Dazu über das Buch von Lüders:

Hier Auszüge aus dem Text der Sendung "Titel Thesen Temperamente":
Titel Thesen Temperamente trifft den Islamwissenschaftler und Nahost-Experten Michael Lüders in Berlin. Der fanatische Islam, der Terror, die brutale Gewalt des IS: Das ganze Desaster wäre nicht in der Welt ohne die fatalen Interventionen des Westens innerhalb der letzten 60 Jahre, sagt Lüders: "Wenn man sich die Verhältnisse in der Region, im Nahen und Mittleren Osten anschaut, Stichwort: Entstehung der Taliban, Stichwort: Entstehung des Islamischen Staates, von Al Quaida. Die Spuren führen immer in Richtung Washington, in Richtung amerikanischer Politik."
Für die Recherche zu seinem Buch ist Lüders zurückgegangen bis in die 50er Jahre. Im Iran ereignete sich der Sündenfall schlechthin, sagt er.

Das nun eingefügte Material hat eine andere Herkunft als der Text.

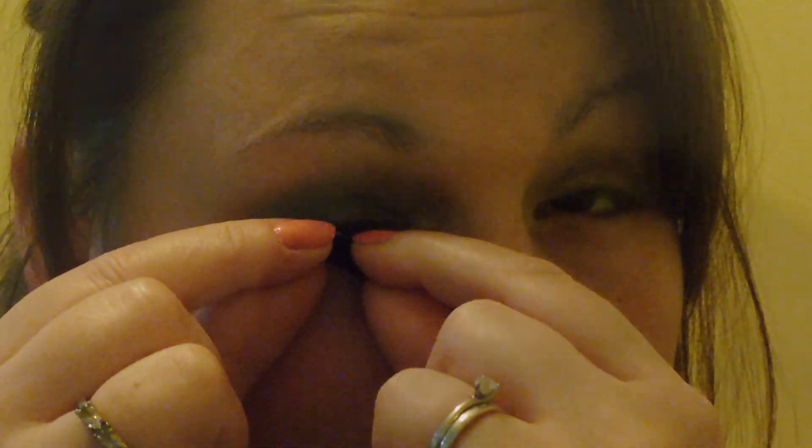I'm then going to curl my eyelashes because I'm going to apply false lashes. I'm going to use Eylure 101 lashes because I really want to open up my eye — that's also why I've used the white eyeliner. It's quite a dark eye look, but not everyone needs to use false lashes.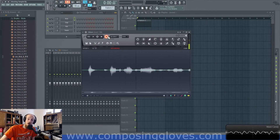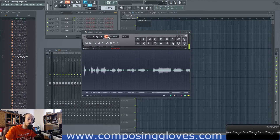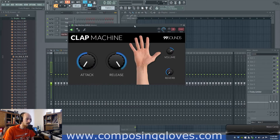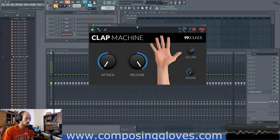Hey, ComposerGloves here and this is another Frius VST video. Today we're looking at something called the Clap Machine by 99Sounds. I thought this thing was hilarious when I found it, but it's really cool and really simple. All it is is a bunch of claps mapped out to your keyboard, so you can choose various clap sounds — they're really nice. You can create a good rhythm with them.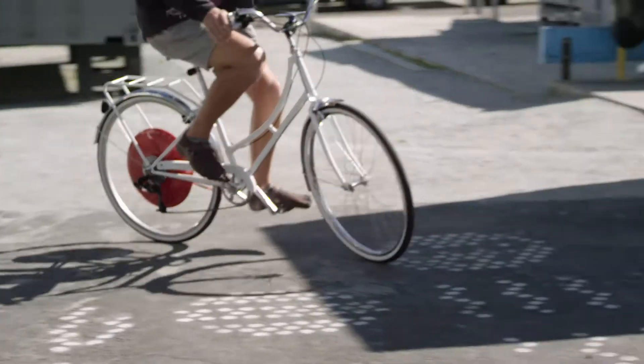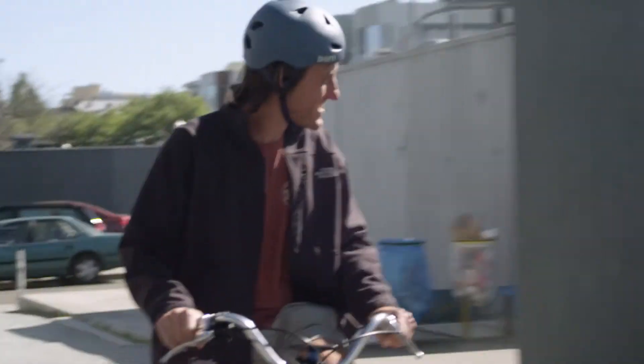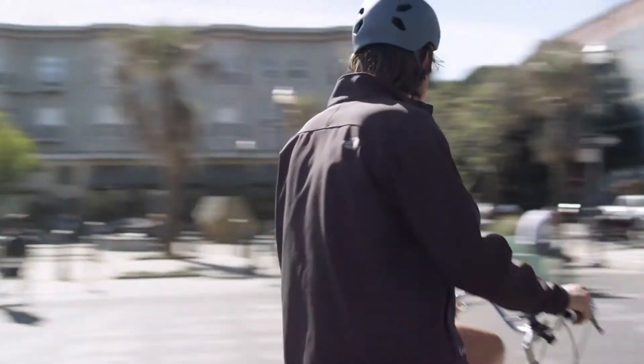It changes everything. It's so much easier than a normal bike, and fun too. It's amazing — it's really easy to pedal and the hill was kind of effortless and kind of fun at the same time.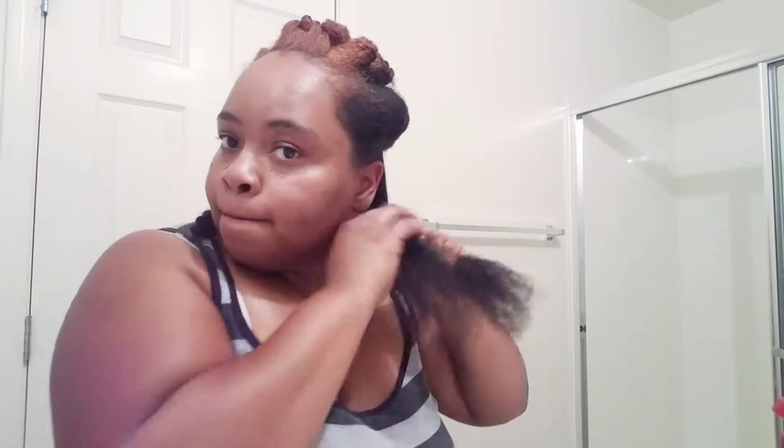Alright, so now that I have achieved the results I wanted, I'm going to go ahead and split my hair into sections and put it in a twist so it can remain in a stretch state. The bathroom was very very hot so I didn't want to have it revert, so I'm going to twist it up and make sure it stays in a stretch state.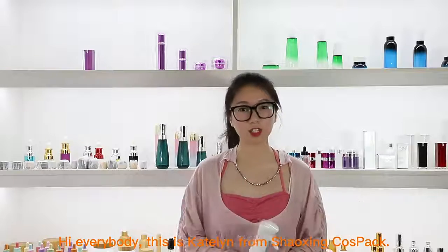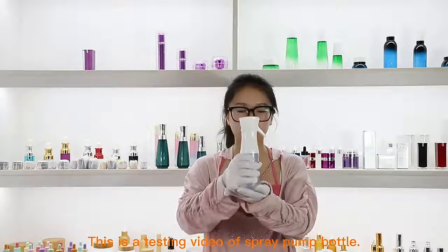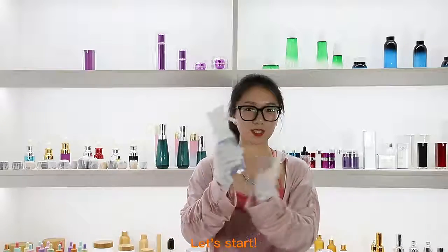Hi everybody, this is Caitlin from Shawshank Cospack. This is a testing video of spray pump bottle. Let me start.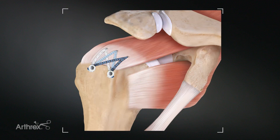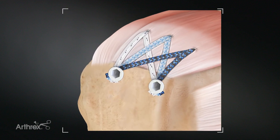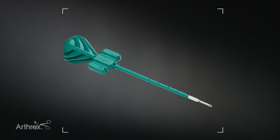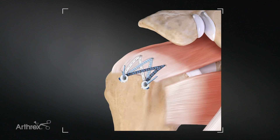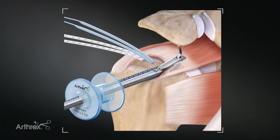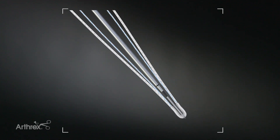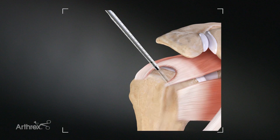Today I'm going to demonstrate a rotator cuff repair using the FiberTek Speed Bridge Construct. Laterally we're going to use the knotless swivel lock anchors, or workhorse anchor. Medially we're going to demonstrate the self-punching 2-6 FiberTek RC anchors. These anchors have a fixed fiber tape with joined tails to simplify suture passing. This is a self-punching version that can be placed with or without a guide.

Es war der Sturz des ersten demokratisch gewählten Regierung und ihres Premierministers Mossadegh. Der wollte die iranische Erdölindustrie verstaatlichen. 90 Prozent des in Europa gehandelten Öls stammten damals aus dem Iran. Großbritannien sah sein Monopol auf das iranische Öl bedroht. Zusammen mit den USA brachten sie Mossadegh durch einen präzise geplanten Putsch zu Fall. Dabei war Amerika Mossadeghs großes Vorbild.
"Er war ein Bewunderer gerade der amerikanischen Demokratie", so Lüders, "namentlich von Abraham Lincoln. Das alles nützte ihm aber nichts, denn es galt als unbotmäßig, dass ein Staatschef in einem Land der Dritten Welt sich anmaß, gegen westliche Wirtschaftsinteressen politisch vorzugehen."
60 Jahre später veröffentlicht die CIA Dokumente, die belegen, wie der Sturz Mossadeghs durch Großbritannien und die USA geplant wurde. Eine Erfolg versprechende Demokratie wurde zerschlagen und gegen die Diktatur des Schahs eingetauscht. 2009 räumte Präsident Obama in Kairo die Beteiligung am Putsch ein. Der gegenwärtige Präsident der USA sagt damals in seiner Rede in Kairo: "Mitten im Kalten Krieg spielten die Vereinigten Staaten eine Rolle beim Sturz einer demokratisch gewählten iranischen Regierung."
"Ohne diesen Putsch gegen Mossadegh hätte es die Islamische Revolution im Iran 1979 nicht gegeben", sagt Michael Lüders, "und diese Revolution wiederum im Iran ist Auslöser vieler anderer Probleme, nicht zuletzt des Krieges des Iraks gegen den Iran, den Saddam Hussein entfesselt hat."
Die Geburtsstunde des fanatischen Islam: Mit der Iranischen Revolution kam Ayatollah Khomeini an die Macht. Sein Gegenspieler war der irakische Diktator Saddam Hussein. Hussein hätte den Krieg gegen Iran nach zwei Jahren verloren, schreibt Lüders, wäre er nicht noch sechs weitere Jahre massiv mit Geld und Waffen aus dem Westen unterstützt worden. Auch mit Giftgas, aus Deutschland: "Dieses Giftgas wurde eingesetzt im Kampf gegen iranischen Soldaten an der Front", so Lüders, "aber auch gegen die Kurden in Halabdscha 1988. Das alles war im Westen bekannt, wurde aber komplett ignoriert. Erst nachdem Saddam Hussein 1990 den Tabubruch begonnen hatte und die amerikanische Tankstelle Kuweit besetzte, hieß es auf einmal, Saddam Hussein sei ja wie ein zweiter Hitler."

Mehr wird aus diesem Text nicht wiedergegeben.